The prognosis for the patient's life and secondary residual noetraumatic disorders is determined by the severity of the TBI. As for the prognosis for the auditory function, it is questionable in the first hours and days after the injury, and cautious later on, since even in cases where the labyrinth and auditory nerve are not in the fracture line, contusion injury can lead to a very rapid shutdown of the auditory function. Later, after months and years, the remaining hearing can gradually fade due to atrophy of the auditory nerve and hair cells of the SpO. The vestibular function, with the integrity of the vestibular portion of the vestibulocochlear nerve and the corresponding receptor structures, is restored to some extent in 2-3 weeks, and if they are damaged - in 1-2 months due to the contralateral labyrinth, however, the insufficiency of the specific functions of the vestibular analyzer remains for years.

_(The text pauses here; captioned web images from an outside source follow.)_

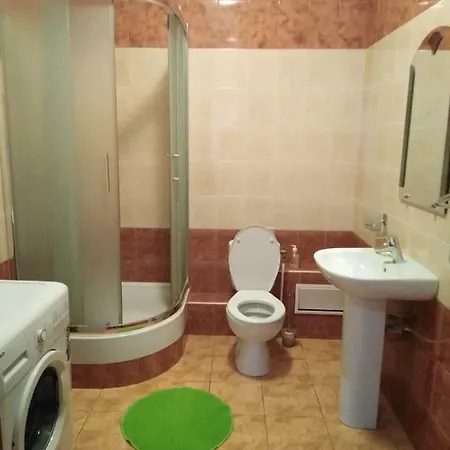 Красные Тона Apartment Odesa
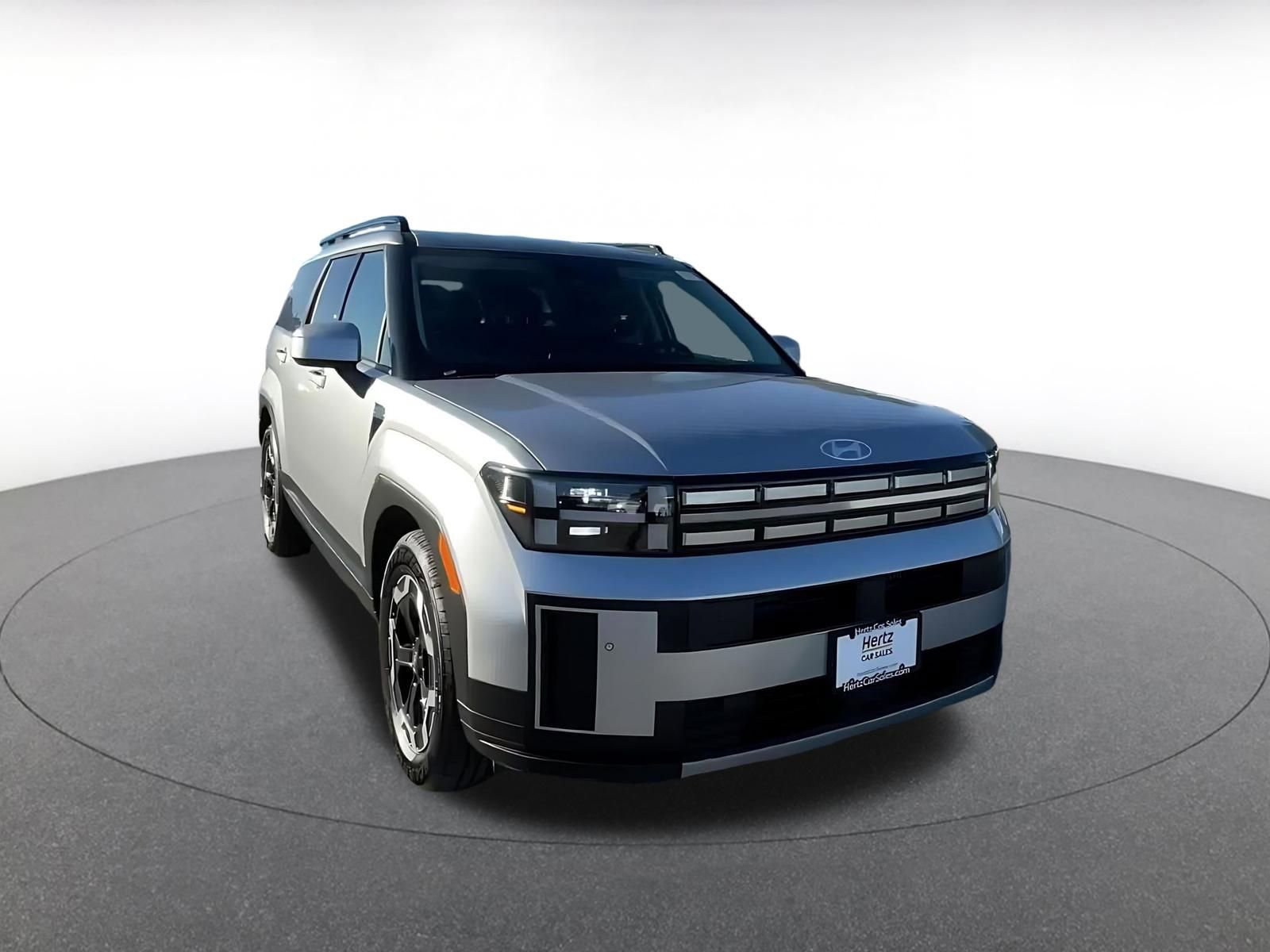 Used 2025 Hyundai Santa Fe SEL image 3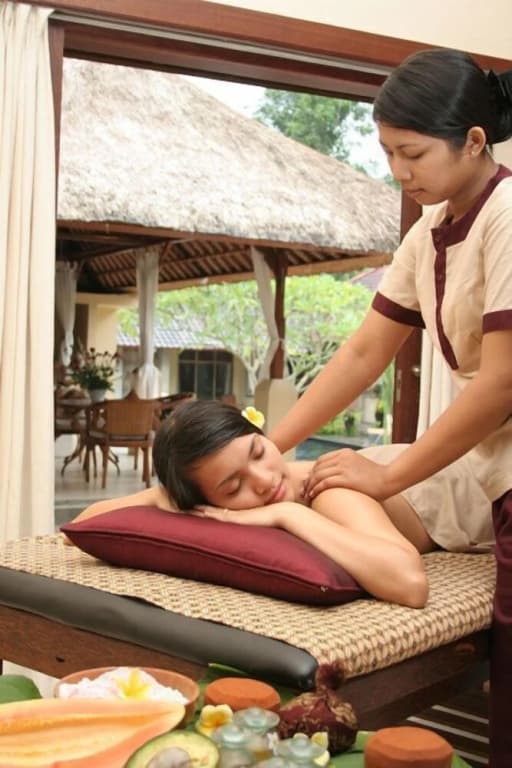 Lokasari Bungalows Spa & Gallery - photo 21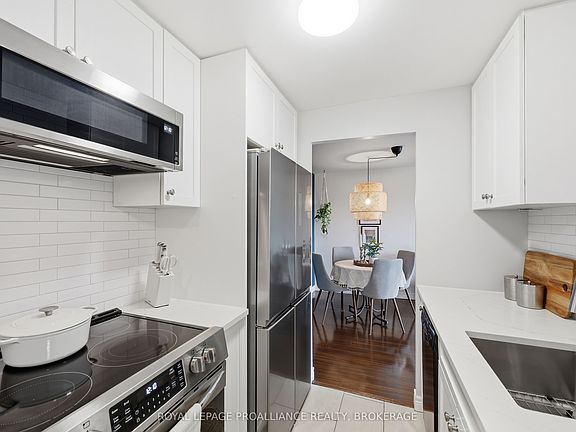 5th image of 358 Queen Mary Rd #609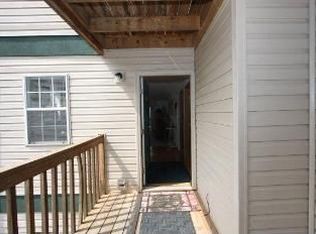 11 Woodpecker Ln, Branson, MO 65616
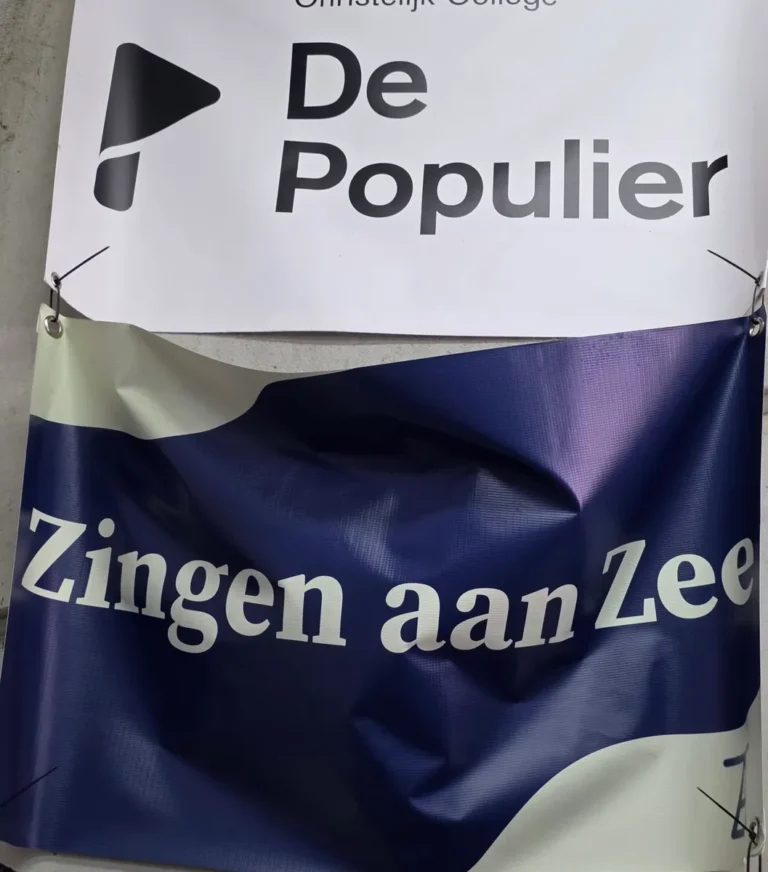 Banners De Populier en Zingen aan Zee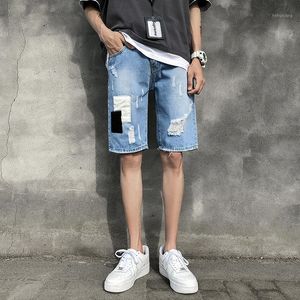 Jeans masculinos de verão shorts de jeans soltos maré casual reto 5 calças de cinco pontos com orifícios Design lavado Hip-hop Streetwear Baggy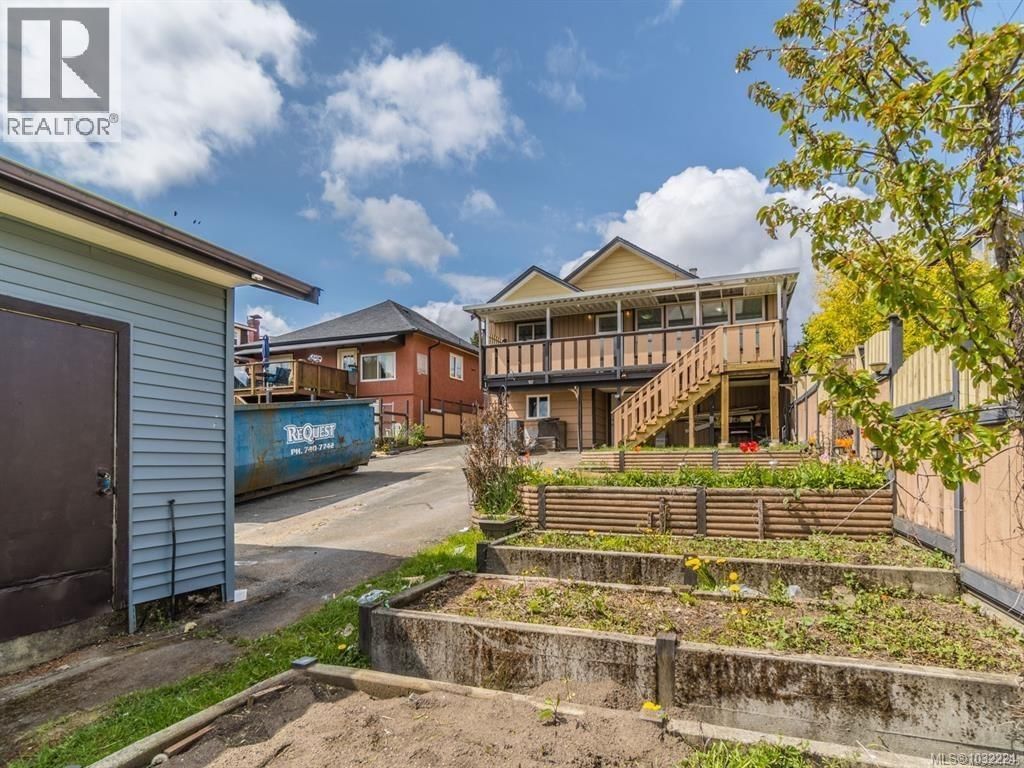 18 GILLESPIE STREET SOUTH Image 30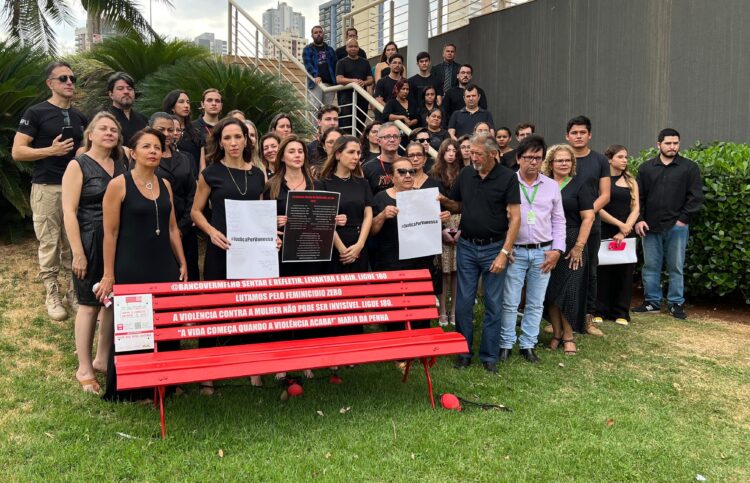Com banco e balões vermelhos, ato no MPT-MS pede o fim da violência contra mulheres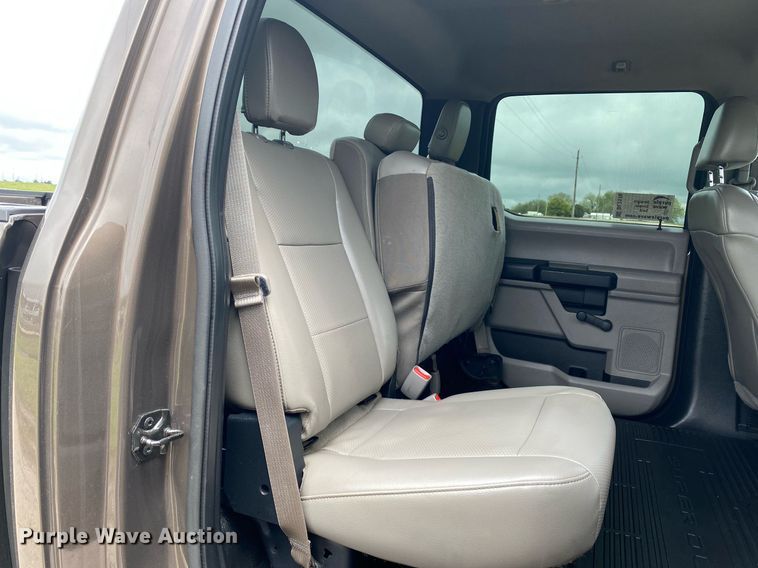 image for item DL7176 2017 Ford F250 Super Duty  Crew Cab pickup truck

Treatment. Patients with fractures of the base of the skull and temporal bone in particular are placed in a neurosurgical or neurological hospital, however, under certain circumstances, they can also be in the ENT department, where they must undergo appropriate treatment. Strict bed rest for at least 3 weeks. In the development of traumatic shock and respiratory and cardiac disorders, caffeine, strophanthin, cordiamine, adrenaline, mesaton, lobelia, cytiton, carbogen, etc. are prescribed. To combat cerebral edema, dehydrating agents are used (magnesium sulfate, sodium chloride, glucose, mercusal, fonurit, hypothiazide, etc.).